First, this deployment workflow implements a component named Tweet Extraction, which includes the Twitter API Connector node – to connect to the Twitter API – and the Twitter Search node to query the API for tweets with a given hashtag. We used configuration nodes inside the component to enable users to enter their Twitter credentials and specific search query. Configuration nodes within the component create the configuration dialogue of the components for the Twitter credentials and the search query. By default, the Twitter API returns the tweets from last week, along with data about the tweet, the author, the time of tweeting, the author’s profile image, the number of followers, and the tweet ID.
This process is followed by some post-processing that will help improve visualizations of our data further down the line. On the one hand we want to remove retweets as they can become excessive and impair the legibility of visualizations – and on the other hand – we want to format the tweets’ timestamps to make the visualizations less cluttered.

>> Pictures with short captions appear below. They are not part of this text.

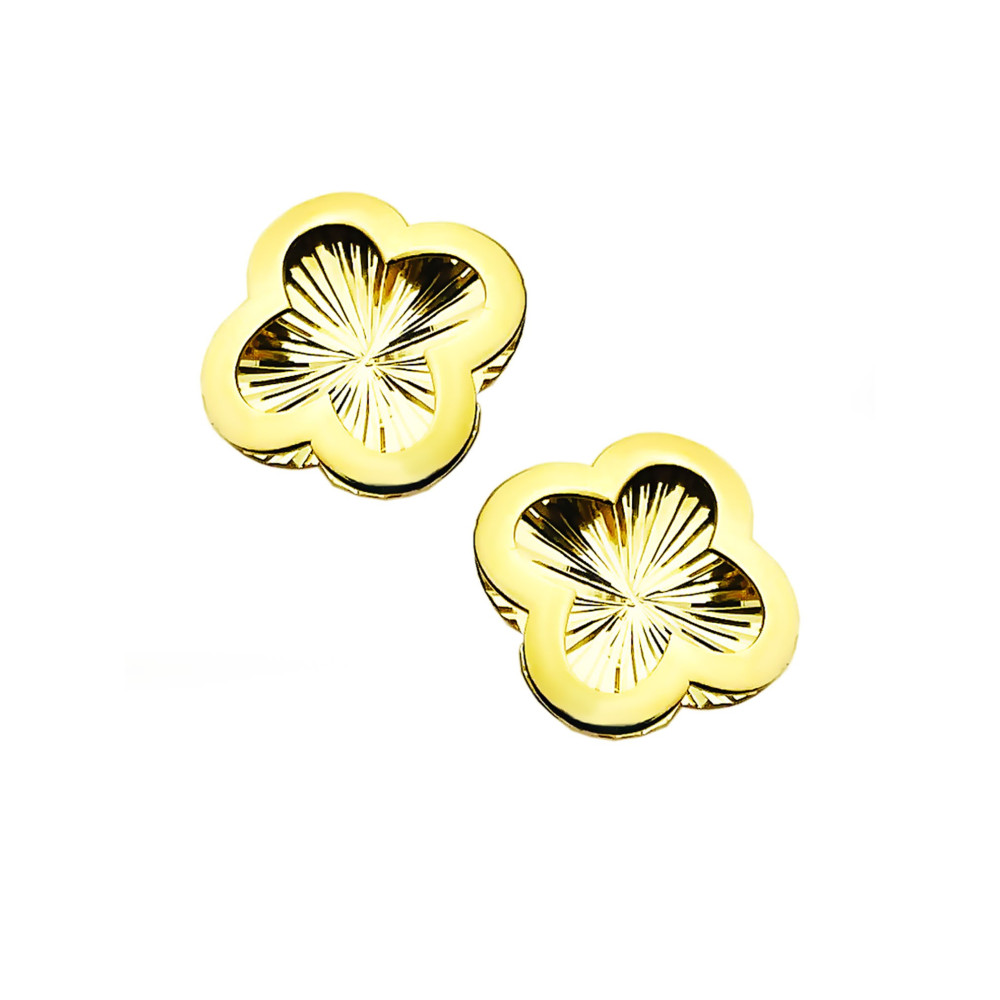 copy of Złote kolczyki kuleczki z cyrkoniami dwukolorowe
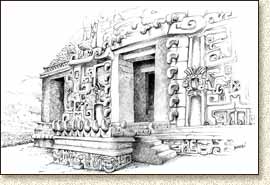 Mayan illustration of Ek Balam by Steve Radzi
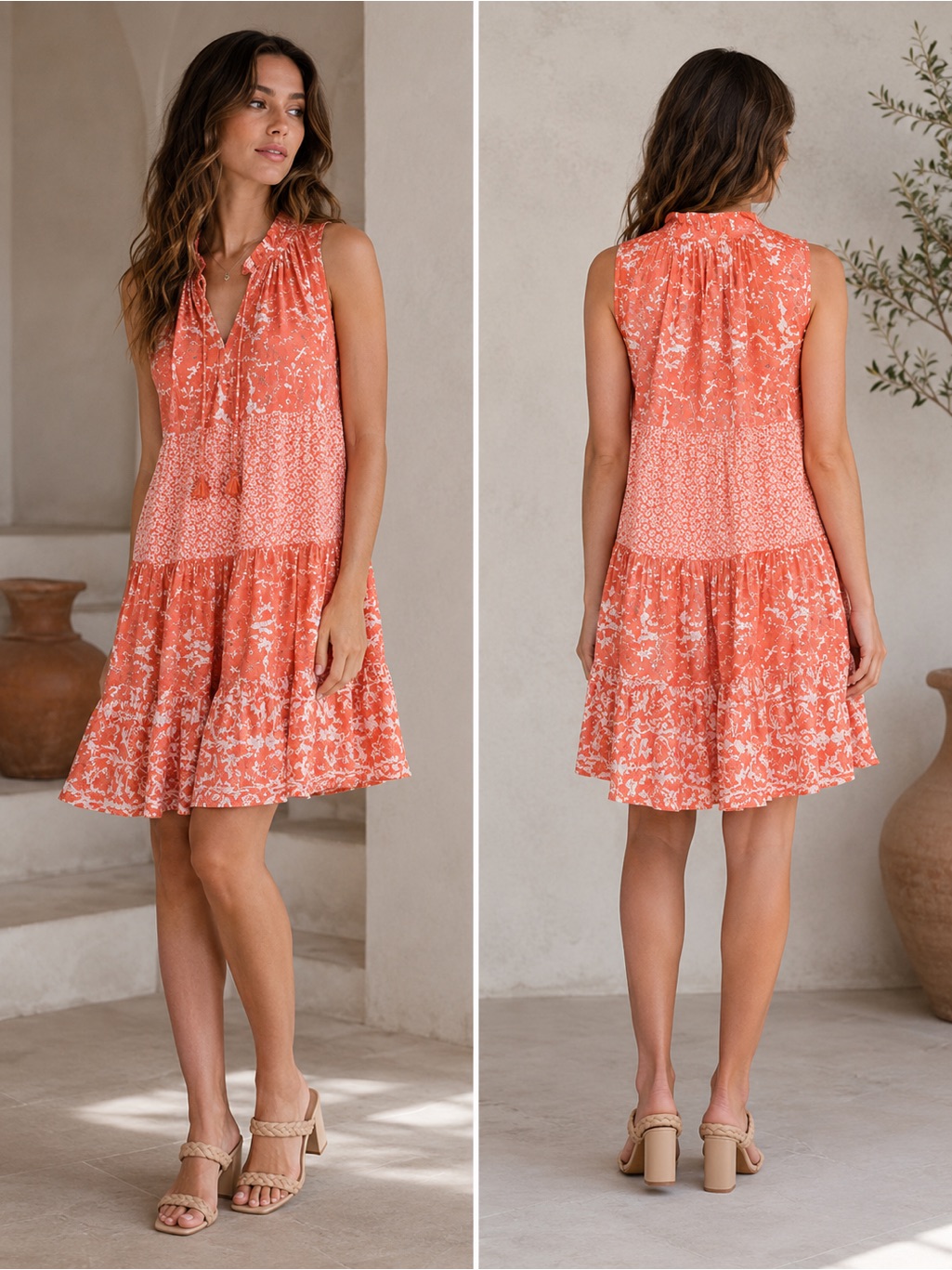 Last Piecechelsea & Theodore Ruffle Tie Neck Woven Printed Tiered Dress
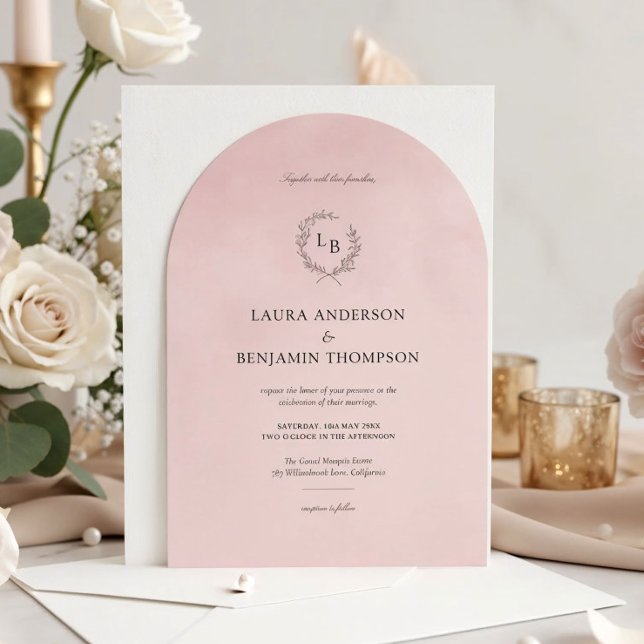 Invitación Boda estilo arco elegante de terciopelo rosa Rubor (Subido por el creador)
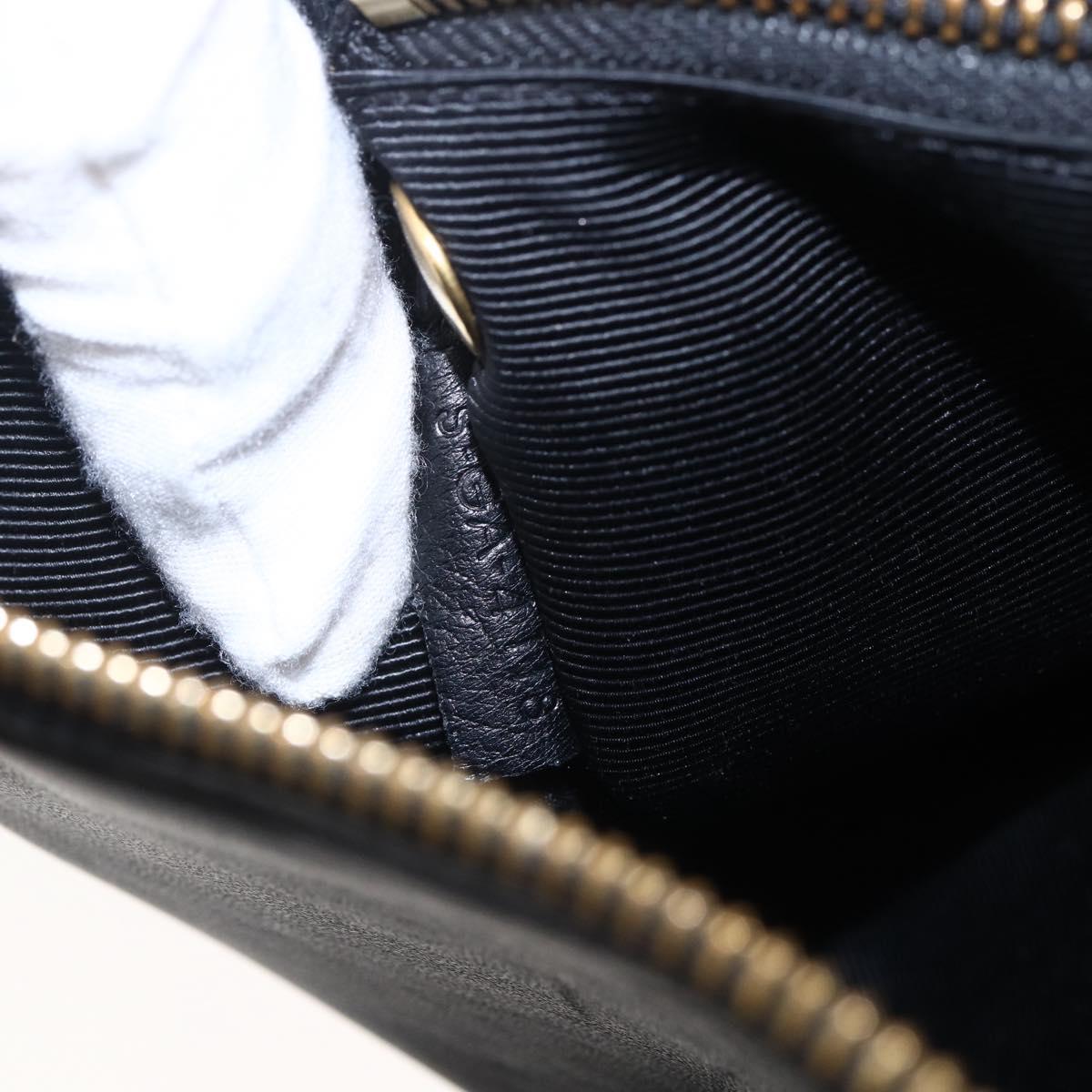 CELINE Trio Small Shoulder Bag Leather Black Gold Auth BA6727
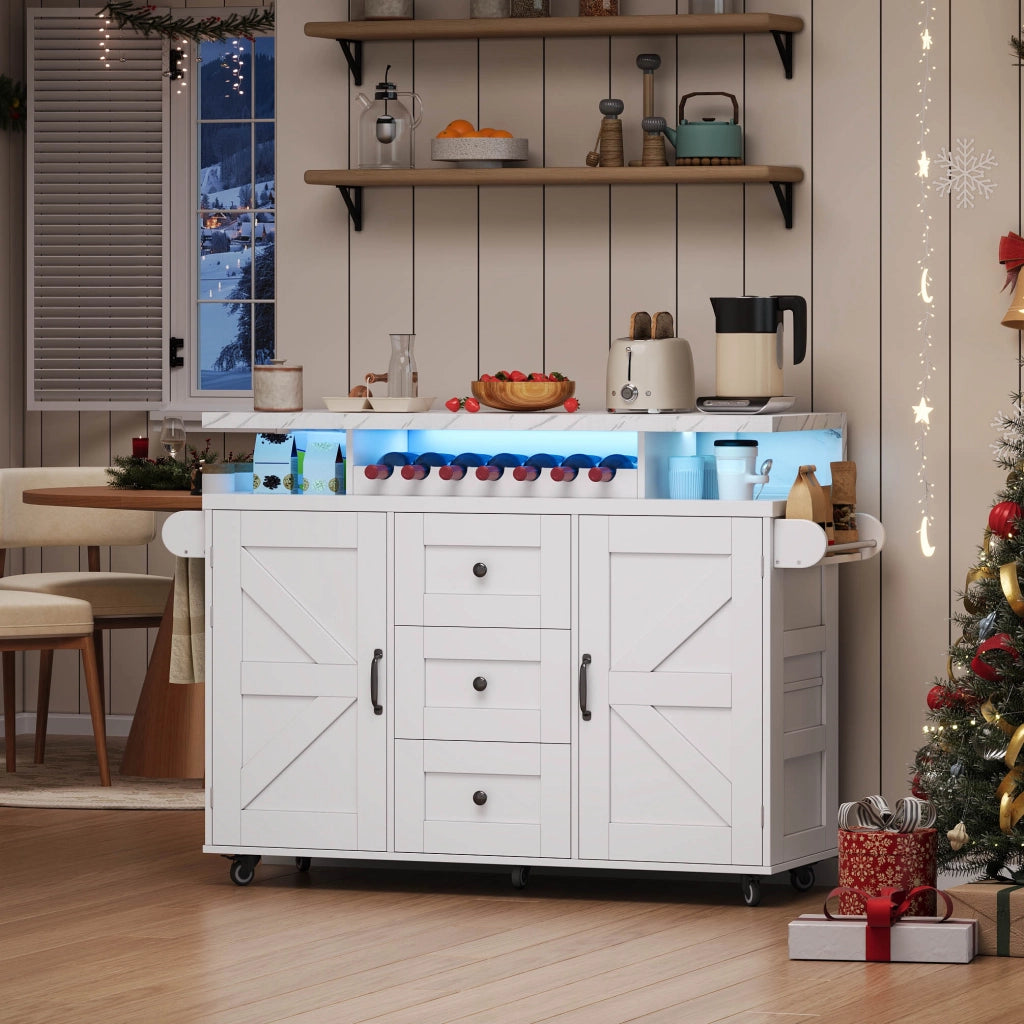 Carrello cucina con piano ribaltabile, 2 porte, 3 cassetti, LED RGB e ruote frenanti, 138 x 60 x 93 cm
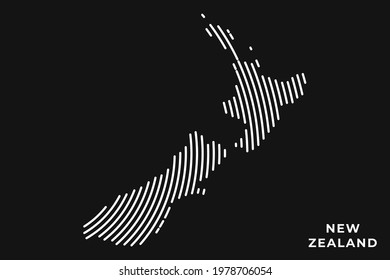 Vector of Stylized New Zealand Map in Simple Striped White Flat Line on Black Background.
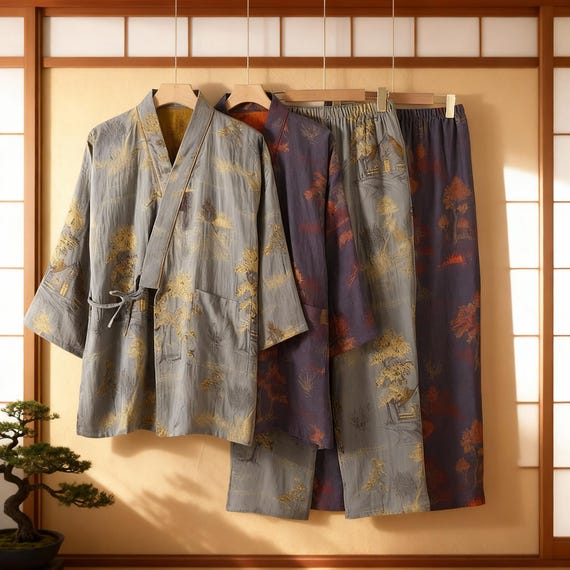 Japanese Cotton Kimono Robe for Men, Lightweight Yukata Loungewear with Scenery Patterns in Smoky Blue or Mist Grey, Gift for Him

The process of tagging words in tweets, deriving sentiment scores and finally predicting their sentiments is no different from what we described for the first workflow. However, since we do not have labels for the tweets here, we can only assess the performance of the lexicon-based predictor subjectively, relying on our own judgment.
Dashboard to visualize and assess performance
To help us assess the performance, we implemented a composite visualization that combines (1) the tweets; (2) a word cloud in which the tweets appear with sizes that correspond to their frequency; and (3) a bar chart with the number of tweets per sentiment per date. This visualization is interactive. Users can click different bars in the bar chart to modify the content selection of the word cloud, for example.
In terms of structure, the workflow uses the Document Data Extractor node to retrieve all tweet information stored in the Document column, and the Joiner node to join the profile image back to the tweet. Next, a dashboard produces the word cloud, the bar chart, and a table with all extracted tweets.
Now let’s take a closer look at how this predictor works in practice. Consider at first the content of the following tweet:
@VirginAmerica I <3 pretty graphics. so much better than minimal iconography. :D
The words “pretty” and “better” were tagged by our predictor as positive; no words were tagged as negative. This led to StSc = 1, meaning the tweet was then classified as having positive sentiment — something with which most annotators may agree. Let’s now take a look at a different example, for which our predictor fails:
@AmericanAir @SKelchlin What kind of response is this from an airline? "When they can?". How about an apology.
The word “kind” was tagged as positive, even though it does not correspond to a positive adjective in this context, and no words were tagged as negative. Consequently, the tweet was classified as positive even though it in fact corresponds to a complaint.
These examples illustrate a few limitations of the lexicon-based approach: it does not take the context around words into consideration, nor is it powerful enough to handle homonyms, such as “kind”.
Sentiment Predictor: Insightful for Baseline Analysis
Lexicon-based sentiment analysis is an easy approach to implement and can be customized without much effort. The formula for calculating sentiment scores could, for example, be adjusted to include frequencies of neutral words and then verified to see if this has a positive impact on performance. Results are also very easy to interpret, as tracking down the calculation of sentiment scores and classification is straightforward.
Despite its low performance, a lexicon-based sentiment predictor is insightful for preliminary, baseline analysis. It provides analysts with insights at a very low cost and saves them a lot of time otherwise spent analyzing data in spreadsheets manually.
Feel free to download the workflows we have described here and try out the effect of adjusting how sentiment scores are calculated.